This, at least, is the result of an instructive poll carried out recently amongst Turks.
Here’s the three main takeaways:
1. Erdogan’s popularity is at a relative low point.
2. 49% of Turks don’t want their military in Idlib, vs. 31% who do.
3. 60% don’t think refugees will return home after the war, 71% think that they damage the economy, and 77% don’t want to give them citizenship.

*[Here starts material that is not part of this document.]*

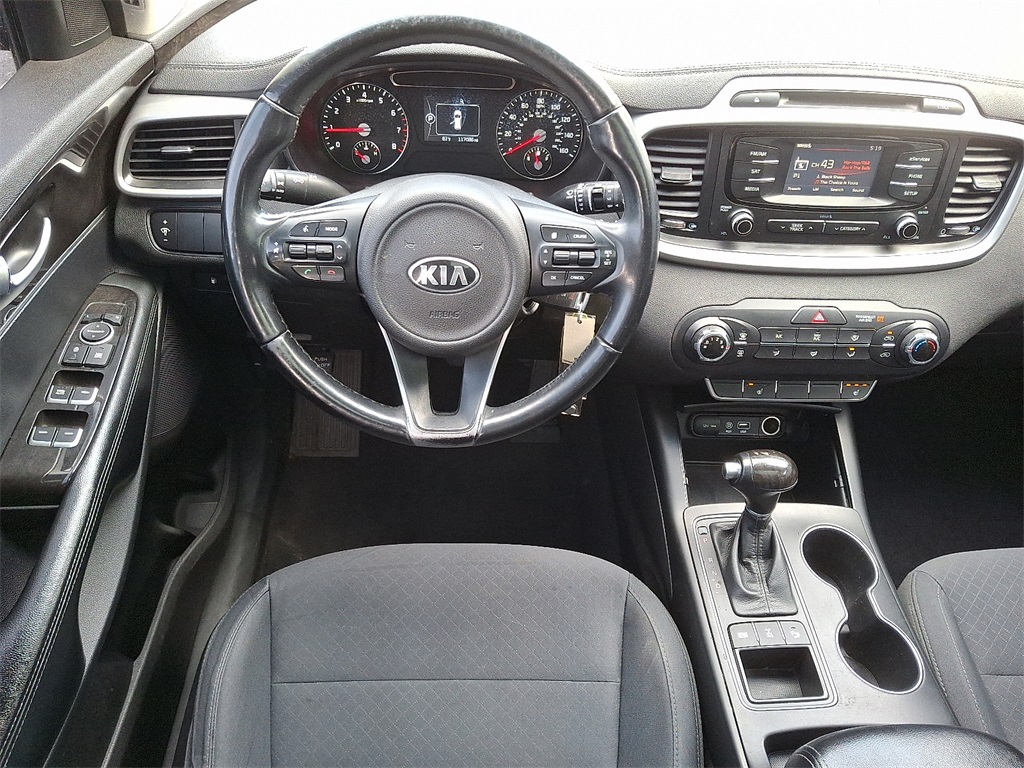 Vehicle image 11 of 31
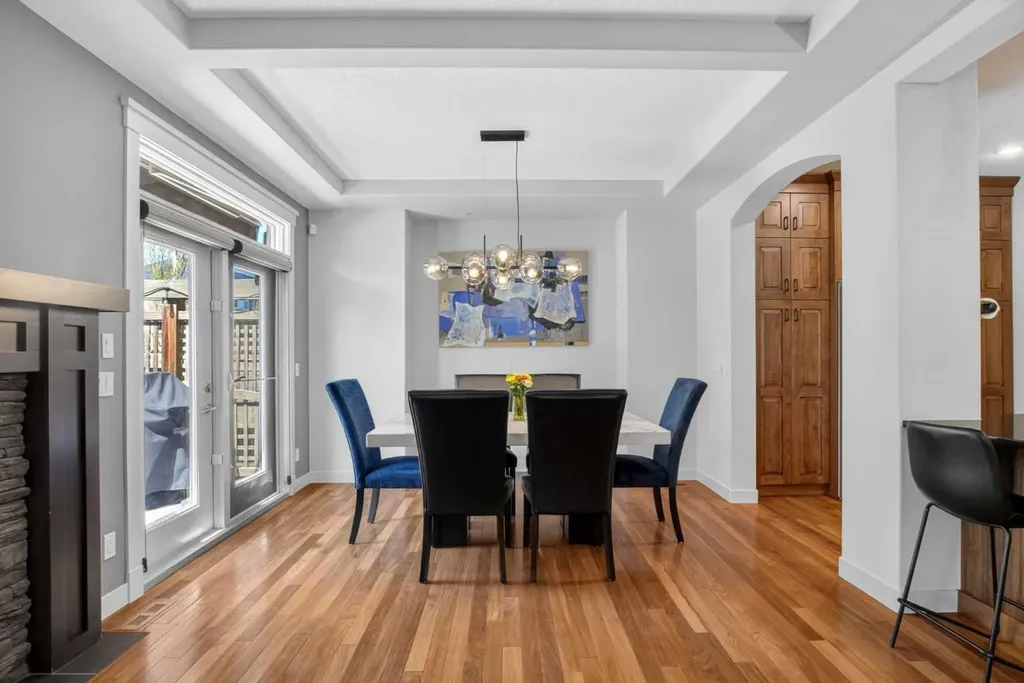 30 Cranarch Circle SE Calgary AB T1S 0S3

So, in combination, this explains pretty much everything about recent events in Idlib and on the Greek-Turkish border.
Erdogan’s popularity is going down, so he needs to do something.
However, the Turkish public doesn’t want to get too deeply drawn into Syria. Which is logical, considering that Turkey is an upper-middle income sort-of-democracy with a conscript army. Tolerance for casualties is limited.
They can demonstratively hammer the SAA with drones, but getting drawn into a serious ground conflict with Syria (let alone Russia) over Idlib is not something they want to do. Hence blaming Syria for the deaths of the 30 odd Turkish soldiers, even though it was almost certainly Russia that was responsible.
However, the SAA’s operation to retake Idlib is undoubtedly creating – and will continue to create – tons of refugees.
Recall that Idlib is by far Syria’s most “oppositionist” province: Only 9% have a positive opinion of Assad (at least as of 2015). Even the provinces that fell to Islamic State were around 30%.
Many of those people, such as foreign jihadists, are going to flee the SAA offensive regardless, e.g. the Uyghur terrorist families that have been colonizing ethnically cleansed Christian villages.
Second, the Syrians themselves have a cynical interest in bombing the hospitals and bakeries – for real, this time. To encourage all these people to leave.
But the Turks are extremely strained as it is – the refugee flows are already fundamentally reshaping their demographics, compressing into a decade a process that took several decades in Western Europe.
Some 395 Syrian babies are born each day in Turkey, said professor Murat Erdogan, head of the Migration and Integration Studies Center at the Turkish-German University in Istanbul, explaining how prominently refugees bear on the demographic equation. “In 10 years, Turkey’s demographics will be in the hands of the Syrians,” he told Al-Monitor.
“There are 3.5 million registered Syrian refugees but the real number is higher than that. There are also around 1,000 Afghan and Iraqi refugees [illegally] crossing to Turkey from the southeast daily,” Erdogan said, adding that border control is still not thorough.
Stressing that the number of Syrian refugees has shot up to nearly 4 million from 58,000 at the break of the war in 2011, Erdogan predicts Turkey will have some 6 million Syrians in the next decade, making up at least 7.5% of the country’s overall headcount.
So of course it’s reasonable for them to unload all this biomass onto the EU.
I’d be doing the same in their shoes.